Would you please print exactly the lines that run from the one with "Жемчужная ракушка из" to the last line of the data, both included, without any pictures?

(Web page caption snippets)
=== Section Start ===
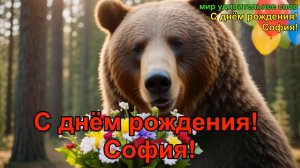 С днём рождения, София! Поздравительная песня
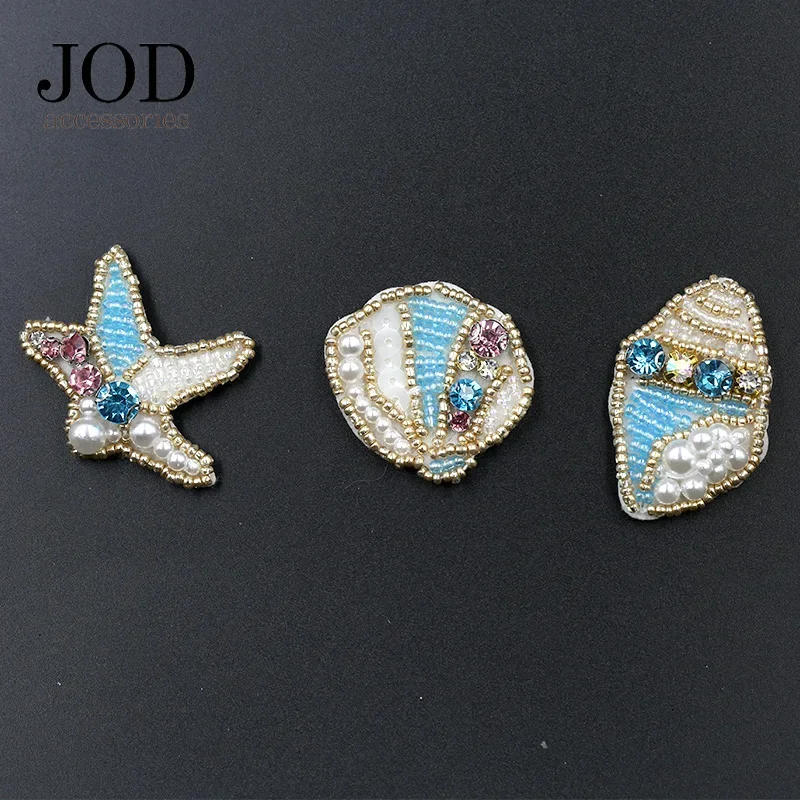 Жемчужная ракушка из бисера морская звезда пришить нашивки для одежды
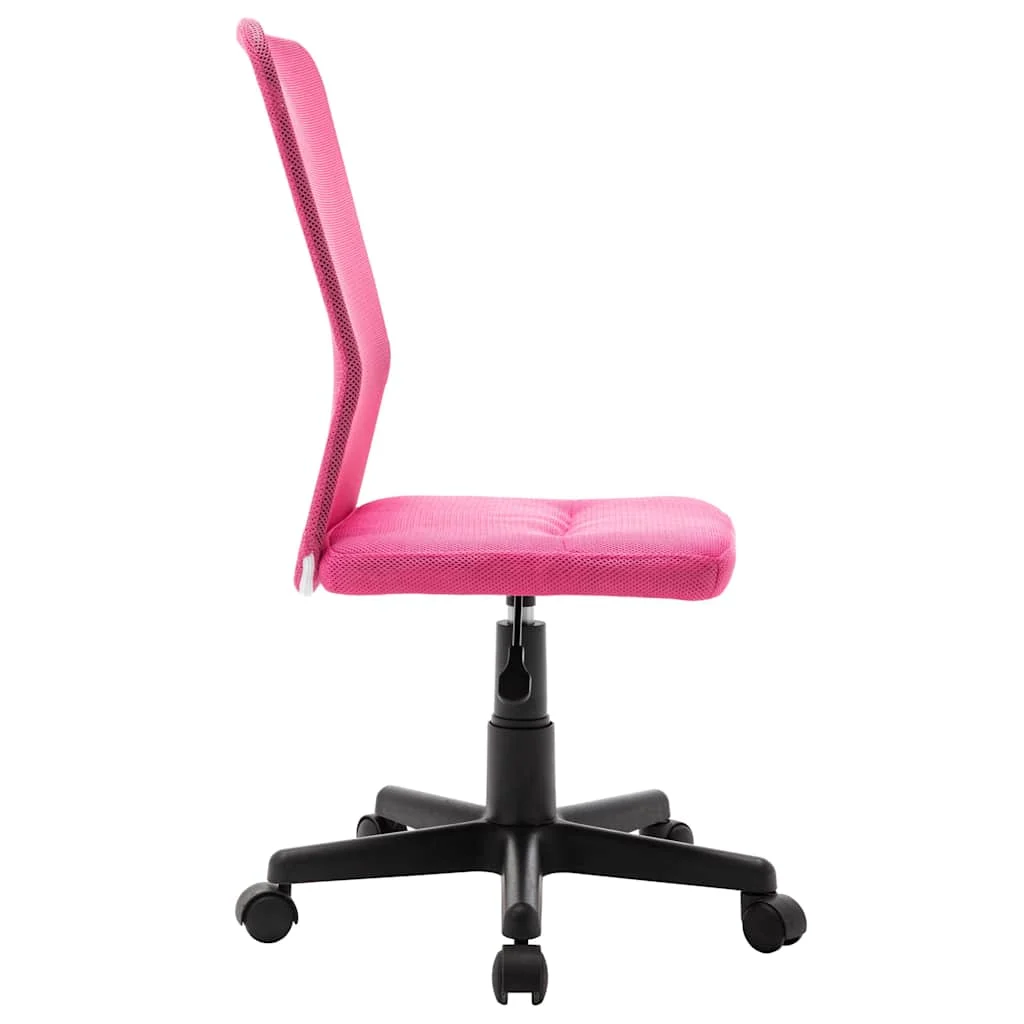 Chaise de bureau 44 x 52 x 100 cm rose maille – vue de détail
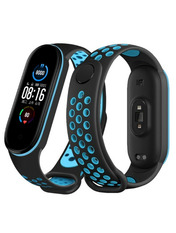 BeCover Vents Style Mi Band 7 Синій Black/Blue (710503)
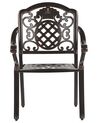 Zestaw 4 krzeseł ogrodowych metalowy brązowy SALENTO_765563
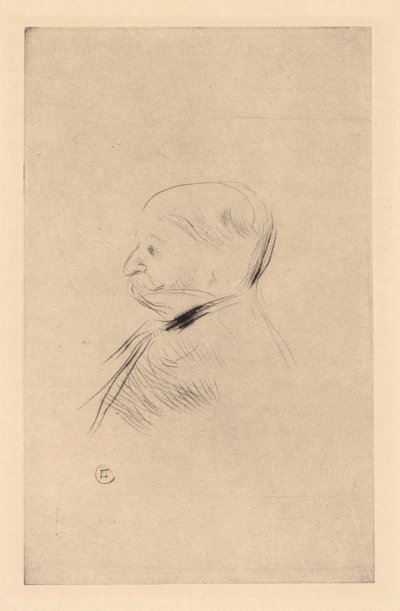 Porträtt av en man av Henri de Toulouse Lautrec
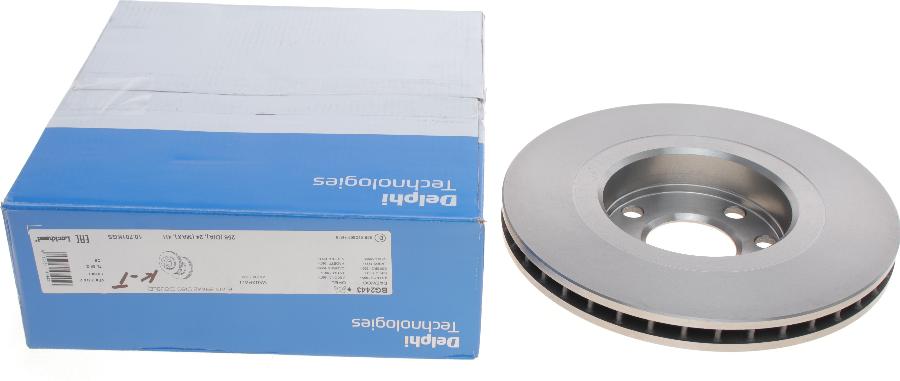 Delphi BG2443 - Brake Disc www.autospares.lv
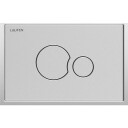 LAUFEN LIS TRYKKPLATE AW106 MATT KROM/BØRSTET STÅL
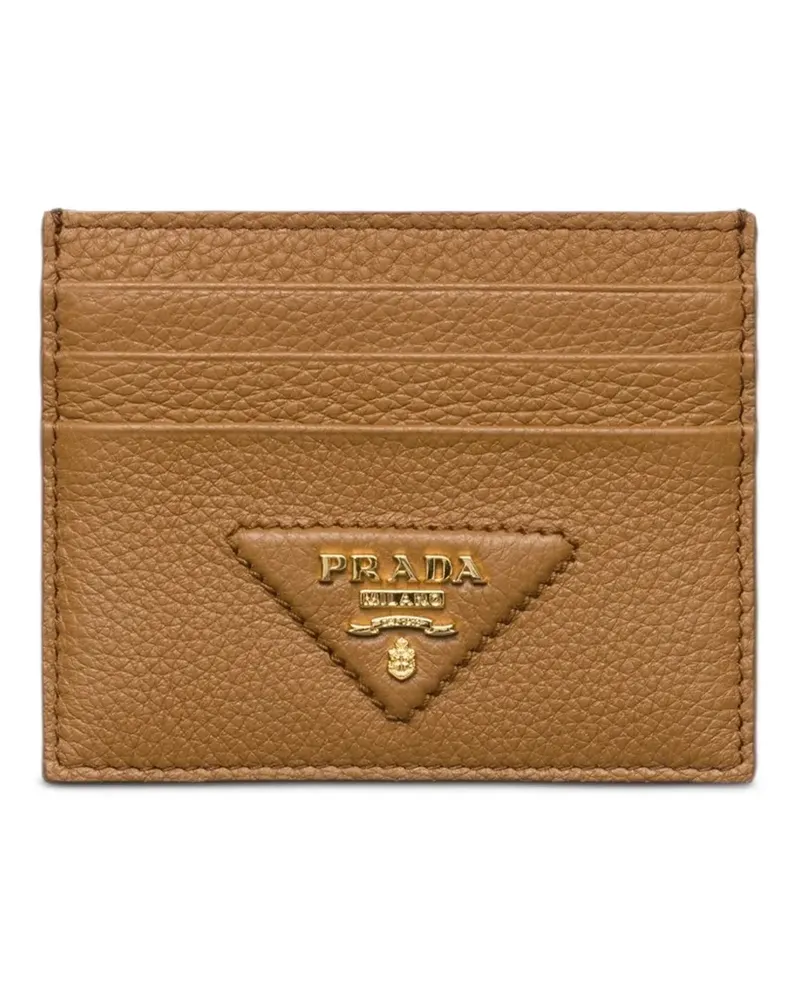 Prada Texturiertes Kartenetui - Braun Braun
=== Section End ===
• The completed task
 Жемчужная ракушка из бисера морская звезда пришить нашивки для одежды
 Chaise de bureau 44 x 52 x 100 cm rose maille – vue de détail
 BeCover Vents Style Mi Band 7 Синій Black/Blue (710503)
 Zestaw 4 krzeseł ogrodowych metalowy brązowy SALENTO_765563
 Porträtt av en man av Henri de Toulouse Lautrec
 Delphi BG2443 - Brake Disc www.autospares.lv
 LAUFEN LIS TRYKKPLATE AW106 MATT KROM/BØRSTET STÅL
 Prada Texturiertes Kartenetui - Braun Braun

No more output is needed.